Movie Review: “The 100-Year-Old Man Who Climbed Out The Window And Disappeared”

100 year old man

Review by James McDonald

After living a long and colorful life, Allan Karlsson finds himself stuck in a nursing home. On his 100th birthday, he leaps out a window and begins an unexpected journey.

Allan (Robert Gustafsson) has lived a full life. He has traveled around the world, met famous dignitaries, tyrants and presidents, helped create some of the most amazing discoveries of the 20th century but now, at 100 years old, he is in a retirement home, ready to spend the remainder of his days there. Sitting in his bedroom, waiting for the staff to bring him a ‘surprise’ birthday cake, he opens his window and decides to take a walk. And thus begins another amazing journey that he wasn’t contemplating when he woke up this morning and this becomes the criteria for how his many adventures and escapades over the years, transpired. He just happened upon all of them, inadvertently saving lives and in some instances, ending them.

After making his way to the local bus station, with only a few dollars in his pocket, he buys a one-way ticket as far as his money will allow.

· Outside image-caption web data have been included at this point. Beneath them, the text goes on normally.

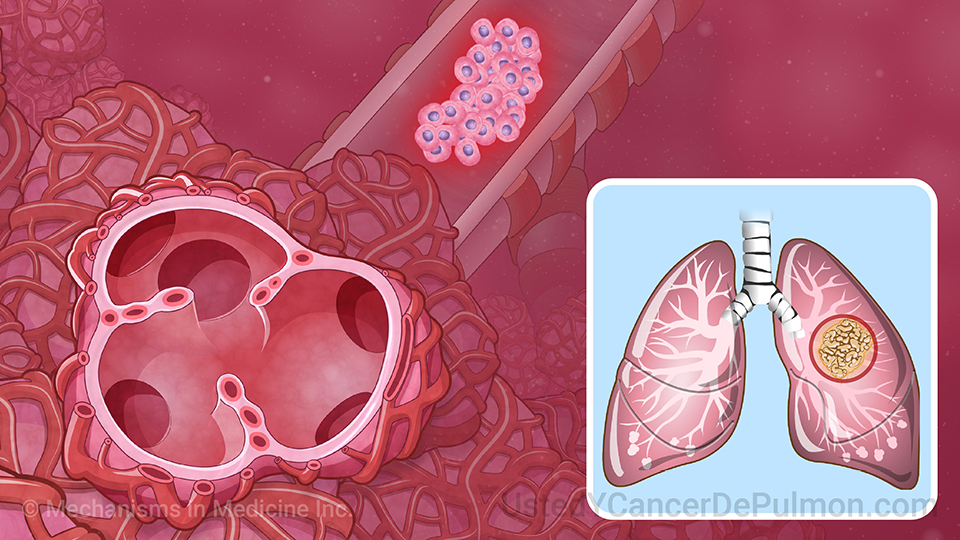Animación - Comprender el cáncer de pulmón de células no pequeñas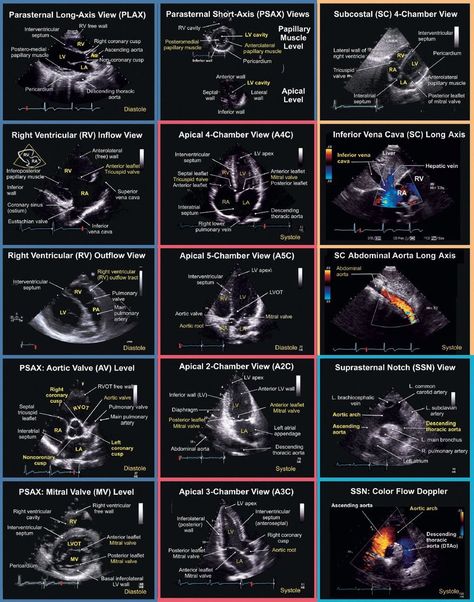 Check out this awesome infographic of echo views and anatomy! Thanks @HeartToProve Cardio Sonography, Diagnostic Medical Sonography Student, Ultrasound School, Cardiac Sonography, Sonography Student, Vascular Ultrasound, Ultrasound Sonography, Medical Ultrasound, Diagnostic Medical Sonography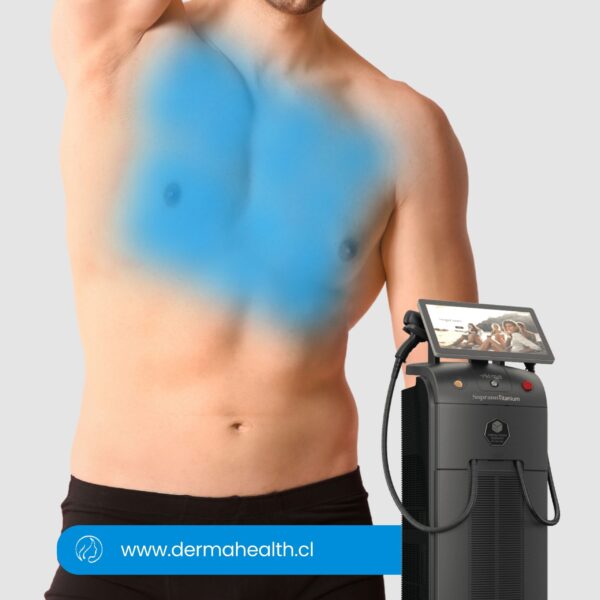 DEPILACIÓN LÁSER SOPRANO TITANIUM - Pecho hombre  - 6 SESIONES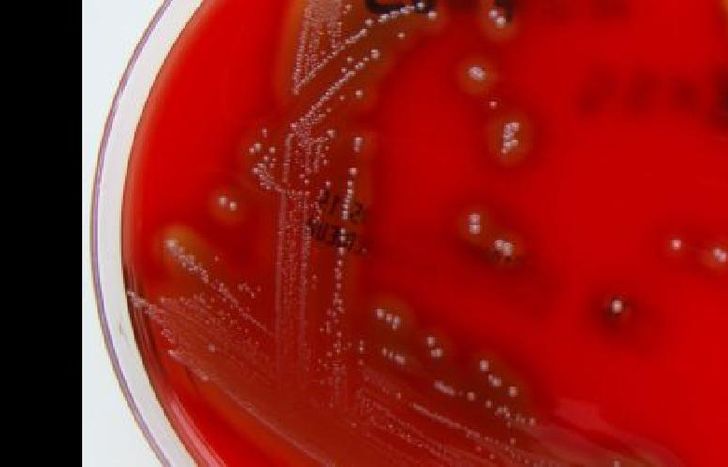 La bacteria encendió una alerta epidemiológica.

While waiting for his transport, a young skinhead with a large suitcase enters the building and needing to use the bathroom in a hurry, rudely tells Allan to watch his luggage while he relieves himself. Right then, his bus arrives and he leaves, with luggage in tow. Disembarking at a tiny town in the middle of nowhere, he meets Julius (Iwar Wiklander), the only person living there and they become fast friends. Needless to say, when the skinhead realizes that Allan is gone, his reaction tells us everything we need to know and that whatever is in the suitcase, is of great importance.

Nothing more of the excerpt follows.